Search code examples
pythonpandasdataframegroup-byfind

pandas - find first occurrence


Suppose I have a structured dataframe as follows:

df = pd.DataFrame({"A":['a','a','a','b','b'],
                   "B":[1]*5})

The A column has previously been sorted. I wish to find the first row index of where df[df.A!='a']. The end goal is to use this index to break the data frame into groups based on A.

Now I realise that there is a groupby functionality. However, the dataframe is quite large and this is a simplified toy example. Since A has been sorted already, it would be faster if I can just find the 1st index of where df.A!='a'. Therefore it is important that whatever method that you use the scanning stops once the first element is found.


Solution

  • idxmax and argmax will return the position of the maximal value or the first position if the maximal value occurs more than once.

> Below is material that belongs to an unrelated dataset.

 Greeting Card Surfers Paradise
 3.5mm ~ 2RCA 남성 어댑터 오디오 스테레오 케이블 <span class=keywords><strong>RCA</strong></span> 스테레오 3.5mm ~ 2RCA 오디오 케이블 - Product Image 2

    use idxmax on df.A.ne('a')

    df.A.ne('a').idxmax()
    
    3
    

    or the numpy equivalent

    (df.A.values != 'a').argmax()
    
    3
    

    However, if A has already been sorted, then we can use searchsorted

    df.A.searchsorted('a', side='right')
    
    array([3])
    

    Or the numpy equivalent

    df.A.values.searchsorted('a', side='right')
    
    3